In the third quarter, Rodgers scored on runs of four and five yards as Nebraska built a 33–0 lead. Quarterback Dave Humm threw a 50-yard touchdown pass to Rodgers as Nebraska led 40–0 after three quarters. Notre Dame finally managed six points on a touchdown from Tom Clements to Pete Demmerle against the Husker reserves to avoid a shutout.

===Scoring===
- First quarter
- Nebraska – Johnny Rodgers 8-yard run (Rich Sanger kick), 11:19
- Second quarter
- Nebraska – Gary Dixon 1-yard run (Sanger kick), 14:29
- Nebraska – Frosty Anderson 52-yard pass from Rodgers (kick blocked), 12:20
- Third quarter
- Nebraska – Rodgers 4-yard run (pass failed), 11:17
- Nebraska – Rodgers 5-yard run (Sanger kick), 7:33
- Nebraska – Rodgers 50-yard pass from David Humm (Sanger kick), 6:00
- Fourth quarter
- Notre Dame – Peter Demmerle 5-yard pass from Tom Clements (pass failed), 13:51
Source:

==Statistics==

| Statistics | Notre Dame | Nebraska |
|---|---|---|
| First downs | 13 | 30 |
| Rushes–yards | 44–124 | 64–300 |
| Passing yards | 103 | 260 |
| Passes (C–A–I) | 9–23–3 | 19–26–1 |
| Total offense | 67–227 | 90–560 |
| Punts–average | 6–37.2 | 4–38.3 |
| Fumbles–lost | 3–0 | 1–1 |
| Turnovers | 3 | 2 |
| Penalties–yards | 1–15 | 5–68 |

Source:

==Aftermath==
Although 1972 was a letdown season after two consecutive national championships, the Huskers were the first to three-peat in the Orange Bowl and vaulted to fourth in the final AP poll at 9–2–1. Rodgers scored four touchdowns and threw for another in his final collegiate game, and sat out the final twenty minutes.
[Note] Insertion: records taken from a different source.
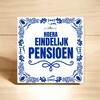 foto 4 Tegeltje hoera eindelijk met pensioen tegeltje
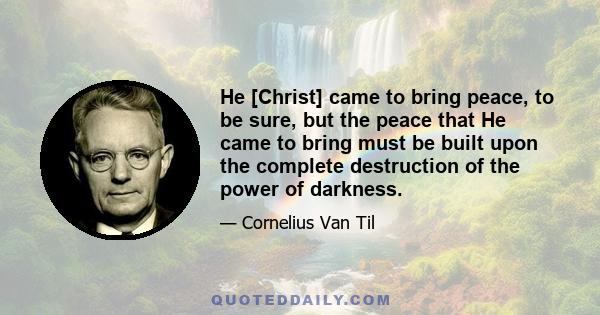 He [Christ] came to bring peace, to be sure, but the peace that He came to bring must be built upon the complete destruction of the power of darkness.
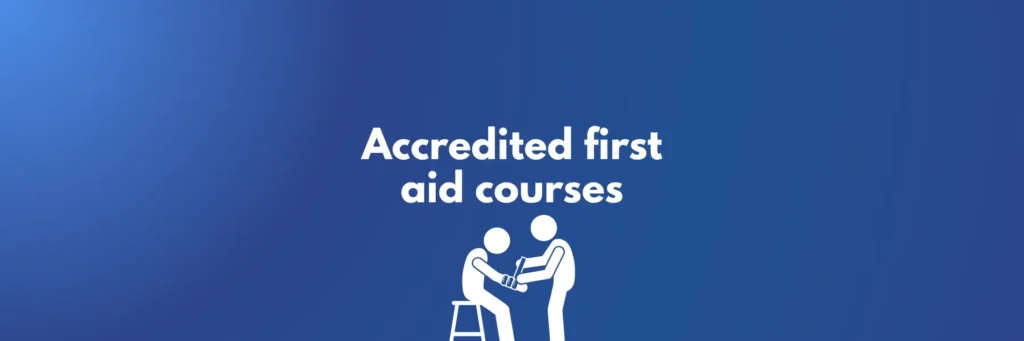 Accredited First Aid Courses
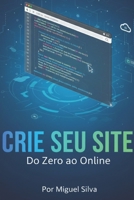 Lógica e Criação de Sites: O Guia Completo da Web: código e Criação: Seu Guia para a Web Moderna B0FX8Z5H7V Book Cover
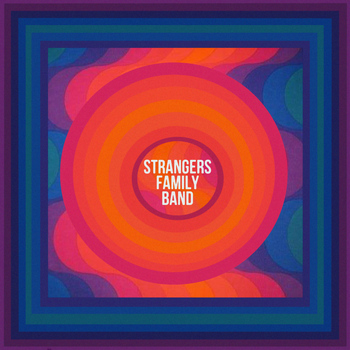 Strangers Family Band - Strangers Family Band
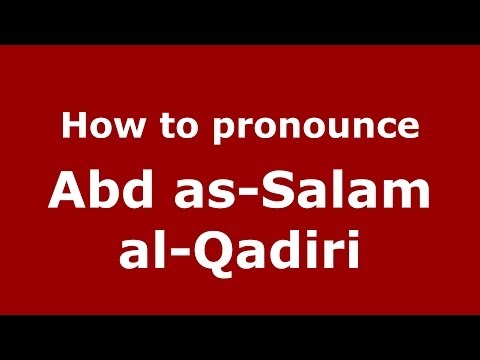 How to pronounce Abd as-Salam al-Qadiri (Arabic/Morocco) - PronounceNames.com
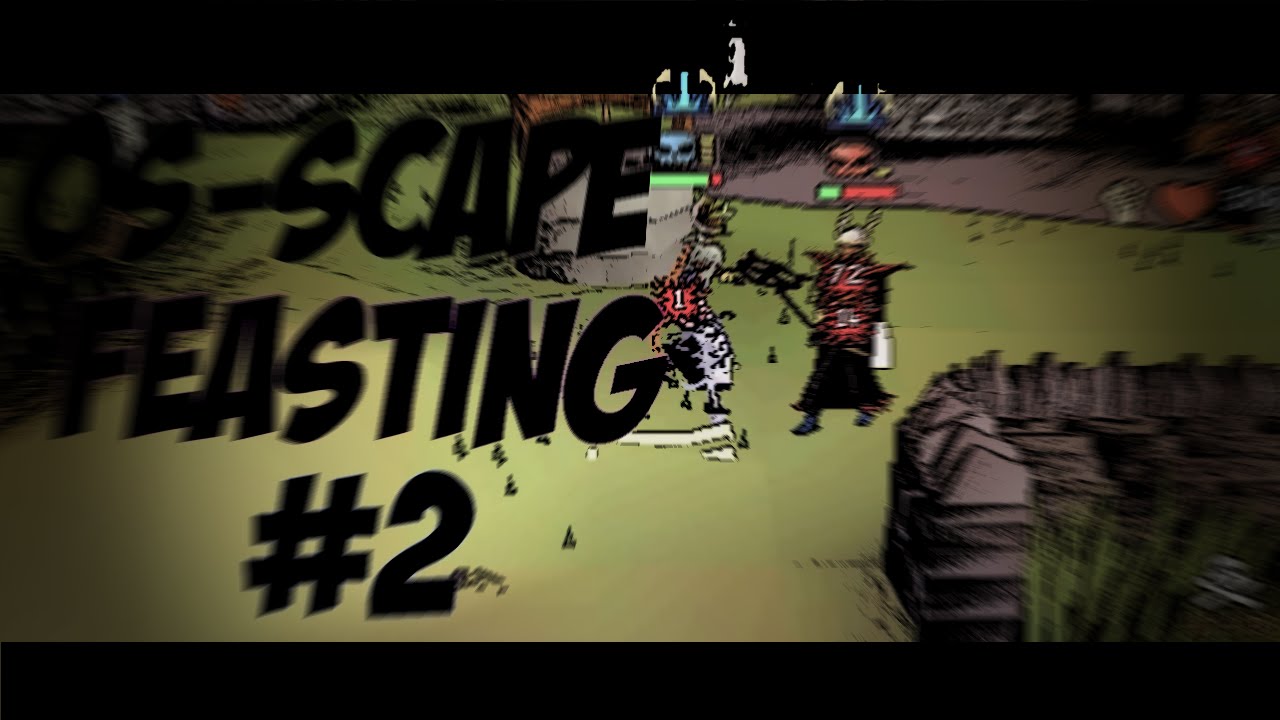 Os-Scape Feasting #2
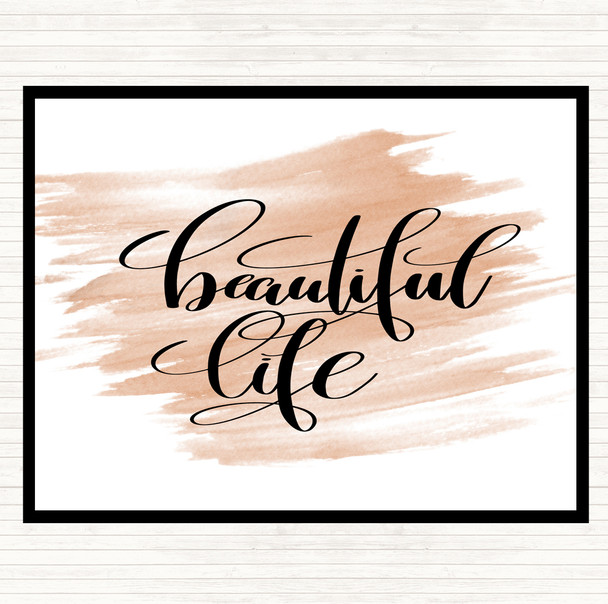 Watercolour Beautiful Life Quote Dinner Table Placemat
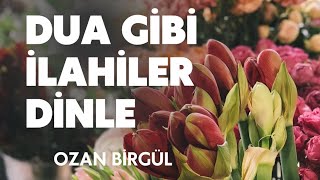 DUA GİBİ İLAHİLER DİNLE [upl. by Sayles155]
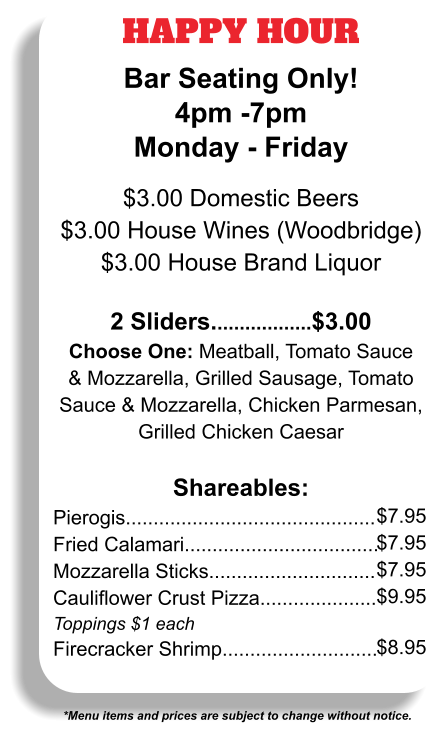 HAPPY HOUR Bar Seating Only! 4pm -7pm Monday - Friday  $3.00 Domestic Beers $3.00 House Wines (Woodbridge) $3.00 House Brand Liquor  2 Sliders..................$3.00 Choose One: Meatball, Tomato Sauce & Mozzarella, Grilled Sausage, Tomato Sauce & Mozzarella, Chicken Parmesan, Grilled Chicken Caesar  Shareables: Pierogis............................................. Fried Calamari................................... Mozzarella Sticks.............................. Cauliflower Crust Pizza..................... Toppings $1 each Firecracker Shrimp............................ *Menu items and prices are subject to change without notice. $7.95 $7.95 $7.95 $9.95  $8.95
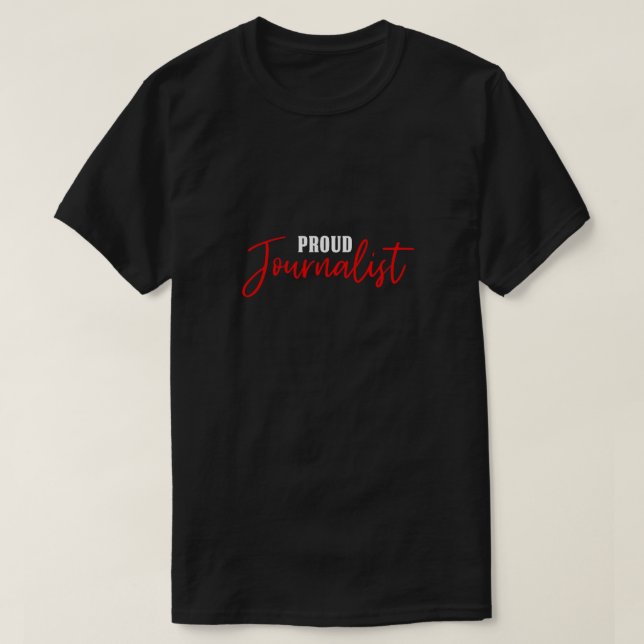 Proud Journalist Journalism Journalists Writer Gif T-Shirt (Design vorne)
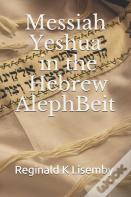 Messiah Yeshua In The Hebrew Alephbeit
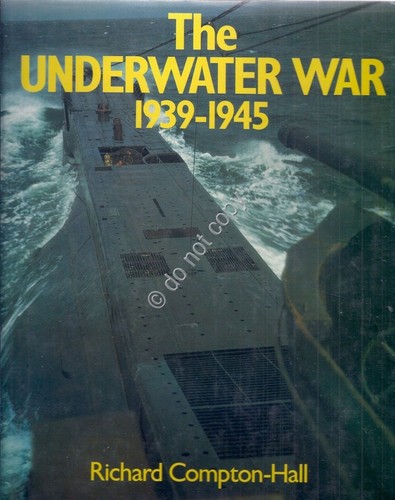 The underwater war - 1939/1945 . Compton Hall - 1983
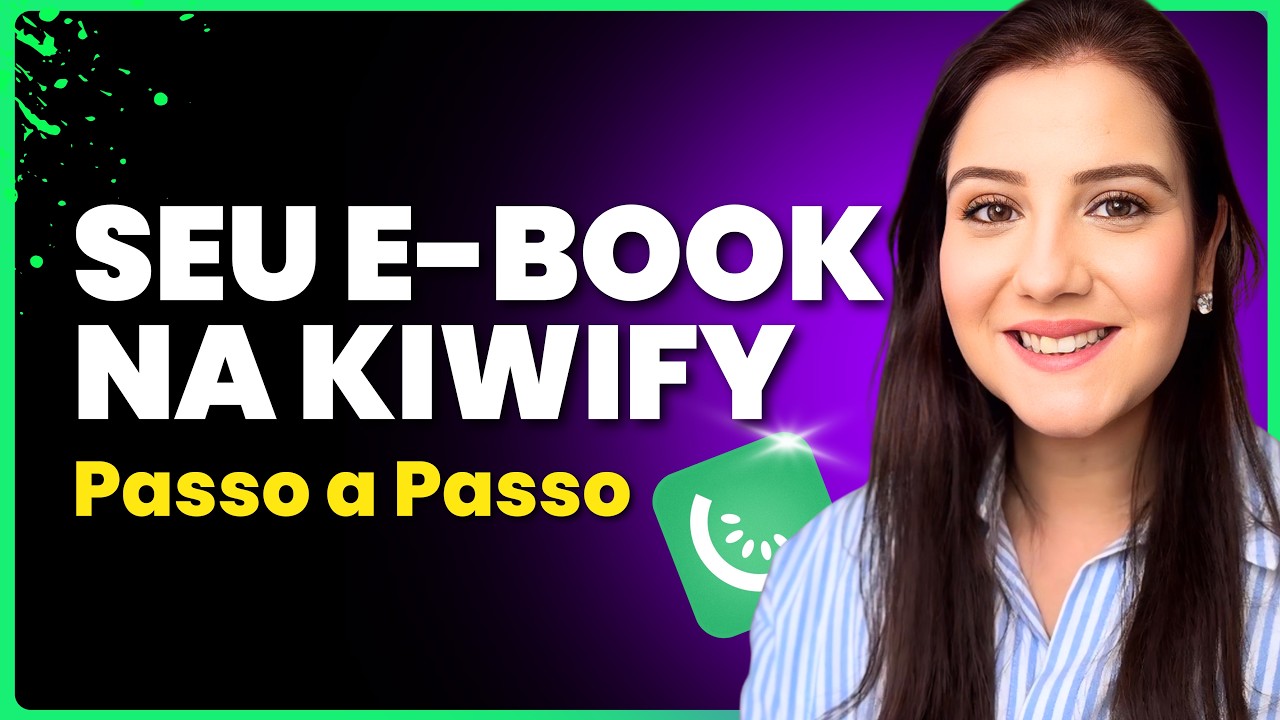 Como Cadastrar Ebook na Kiwify Para Vender: Tutorial Rápido e Completo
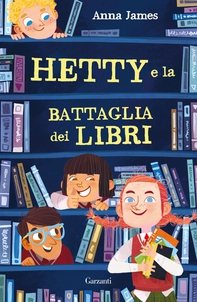 Hetty e la battaglia dei libri - Librerie.coop Hetty e la battaglia dei libri - Librerie.coop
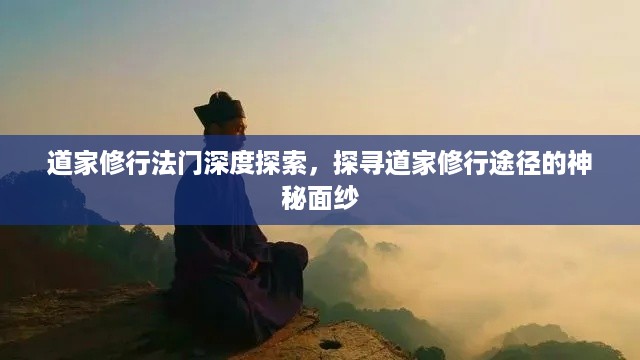 道家修行法门深度探索，探寻道家修行途径的神秘面纱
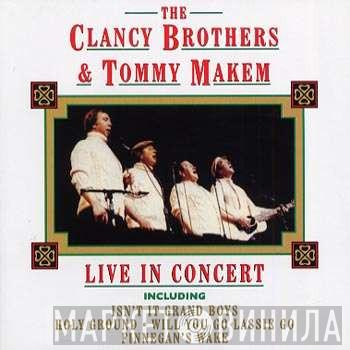 The Clancy Brothers & Tommy Makem - Live In Concert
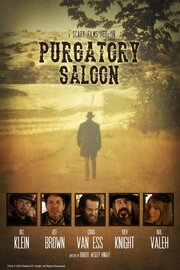 Purgatory Saloon - лучший фильм в фильмографии Robert Wesley Knight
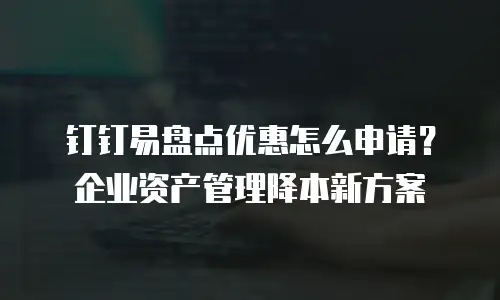 钉钉易盘点优惠怎么申请？企业资产管理降本新方案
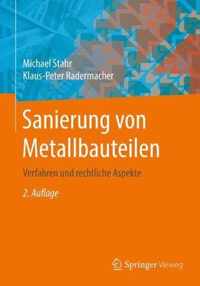 Sanierung von Metallbauteilen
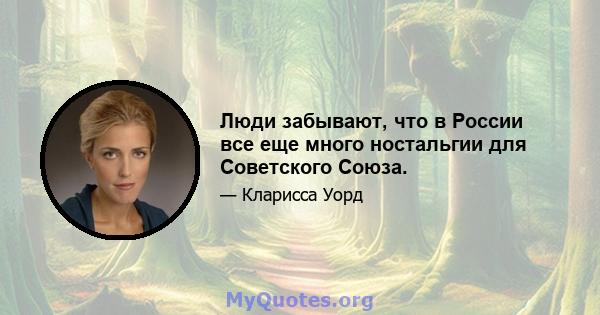 Люди забывают, что в России все еще много ностальгии для Советского Союза.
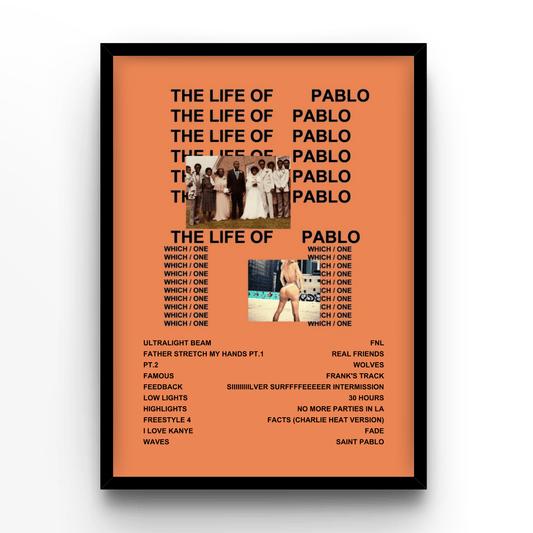 Kanye West The Life of Pablo - A4, A3, A2 Posters Base - Poster Print Shop / Art Prints / PostersBase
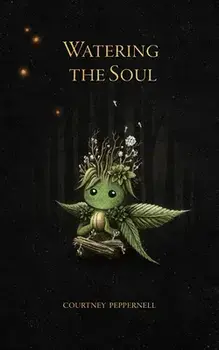 Watering the Soul, Paperback/Courtney Peppernell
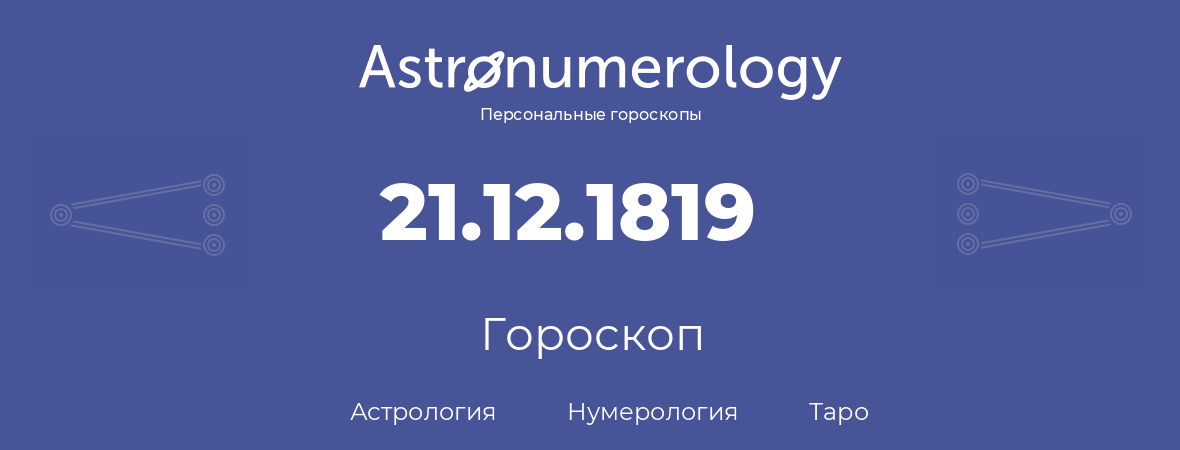 гороскоп астрологии, нумерологии и таро по дню рождения 21.12.1819 (21 декабря 1819, года)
The final UPI coaches poll was released in early December, prior to the bowls, and had the Huskers ninth.

The 1972 season also was the only three-loss season in Parseghian's eleven years at Notre Dame and they fell to fourteenth in the final AP poll; the Irish rebounded in 1973 to finish 11–0 and win the national championship.